§ Material for this exercise:
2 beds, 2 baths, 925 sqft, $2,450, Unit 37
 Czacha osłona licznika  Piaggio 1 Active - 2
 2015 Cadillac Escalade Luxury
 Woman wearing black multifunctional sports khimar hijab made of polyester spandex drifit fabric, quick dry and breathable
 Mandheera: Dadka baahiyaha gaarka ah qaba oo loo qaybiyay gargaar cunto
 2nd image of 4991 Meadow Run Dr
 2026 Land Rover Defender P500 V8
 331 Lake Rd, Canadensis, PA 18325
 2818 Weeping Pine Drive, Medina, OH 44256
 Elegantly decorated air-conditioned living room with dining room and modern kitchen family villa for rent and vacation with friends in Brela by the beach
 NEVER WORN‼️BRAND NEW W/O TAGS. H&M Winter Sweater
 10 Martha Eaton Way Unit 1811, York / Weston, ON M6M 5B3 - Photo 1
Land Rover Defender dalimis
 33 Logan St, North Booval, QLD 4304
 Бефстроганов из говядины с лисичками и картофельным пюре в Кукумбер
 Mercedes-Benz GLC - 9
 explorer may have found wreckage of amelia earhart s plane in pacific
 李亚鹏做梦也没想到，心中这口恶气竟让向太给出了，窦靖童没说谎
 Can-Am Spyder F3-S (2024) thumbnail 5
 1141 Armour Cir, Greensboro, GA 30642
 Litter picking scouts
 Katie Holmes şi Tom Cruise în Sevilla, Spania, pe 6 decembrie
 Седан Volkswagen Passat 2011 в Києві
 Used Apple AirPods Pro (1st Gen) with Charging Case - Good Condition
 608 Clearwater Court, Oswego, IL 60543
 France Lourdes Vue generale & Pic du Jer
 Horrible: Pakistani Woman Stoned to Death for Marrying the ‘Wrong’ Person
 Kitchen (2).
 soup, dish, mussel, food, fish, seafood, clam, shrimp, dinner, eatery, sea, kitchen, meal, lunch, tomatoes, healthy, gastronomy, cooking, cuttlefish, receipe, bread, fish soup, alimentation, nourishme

§ What needs to be done: Using only the entries above, output the line with "2015 Cadillac Escalade Luxury", the line with "2818 Weeping Pine Drive, Medina, OH 44256", and all lines between them, exactly as they stand.

§ Exercise output:
 2015 Cadillac Escalade Luxury
 Woman wearing black multifunctional sports khimar hijab made of polyester spandex drifit fabric, quick dry and breathable
 Mandheera: Dadka baahiyaha gaarka ah qaba oo loo qaybiyay gargaar cunto
 2nd image of 4991 Meadow Run Dr
 2026 Land Rover Defender P500 V8
 331 Lake Rd, Canadensis, PA 18325
 2818 Weeping Pine Drive, Medina, OH 44256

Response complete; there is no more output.